Best way to apply thermal compound?

[CitizenSnips]

Going to be building my first rig pretty soon, got the last of the parts in and I just need some time off work (and my 64 bit Vista disc to be shipped) and I'll be ready to go. But I'm a bit confused about the application of the thermal compound to the CPU/heatsink.

I have the Arctic Silver 5 and the Zalman CNPS9500LED for the record. On Arctic Silver's website they advocate using the "use BB-sized dollop then press the heatsink down" method, but the instructions of the Zalman show the "apply compound then spread evenly" method.

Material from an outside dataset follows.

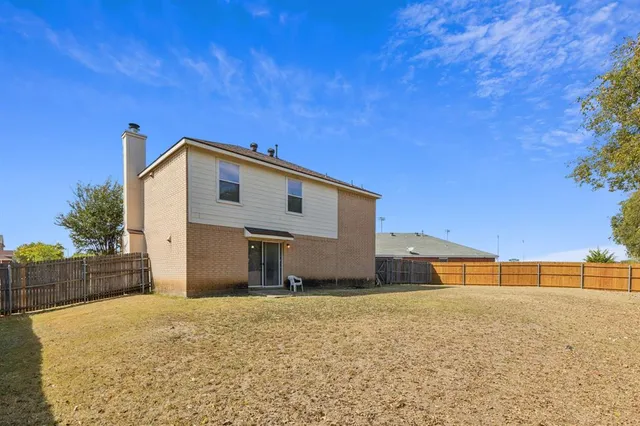 $2,150 | 1400 Caleo Drive, Glenn Heights, TX 75154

Any input on which one ensures better and even coverage between the CPU and heatsink? Online build guides I've seen mostly seem to use the spread method.

 

[Idontcare]

See the thermal past review at Madshrimps. The data are pretty convincing that spreading your paste is not the way to go if low-temps are your objective.

http://www.madshrimps.be/?action=getarticle&articID=635

 

[JEDIYoda]

Originally posted by: Idontcare
See the thermal past review at Madshrimps. The data are pretty convincing that spreading your paste is not the way to go if low-temps are your objective.

http://www.madshrimps.be/?action=getarticle&articID=635

You follow the manufacturers instructions to the letter!!

 

[JEDIYoda]

Originally posted by: CitizenSnips
Going to be building my first rig pretty soon, got the last of the parts in and I just need some time off work (and my 64 bit Vista disc to be shipped) and I'll be ready to go. But I'm a bit confused about the application of the thermal compound to the CPU/heatsink.

I have the Arctic Silver 5 and the Zalman CNPS9500LED for the record. On Arctic Silver's website they advocate using the "use BB-sized dollop then press the heatsink down" method, but the instructions of the Zalman show the "apply compound then spread evenly" method.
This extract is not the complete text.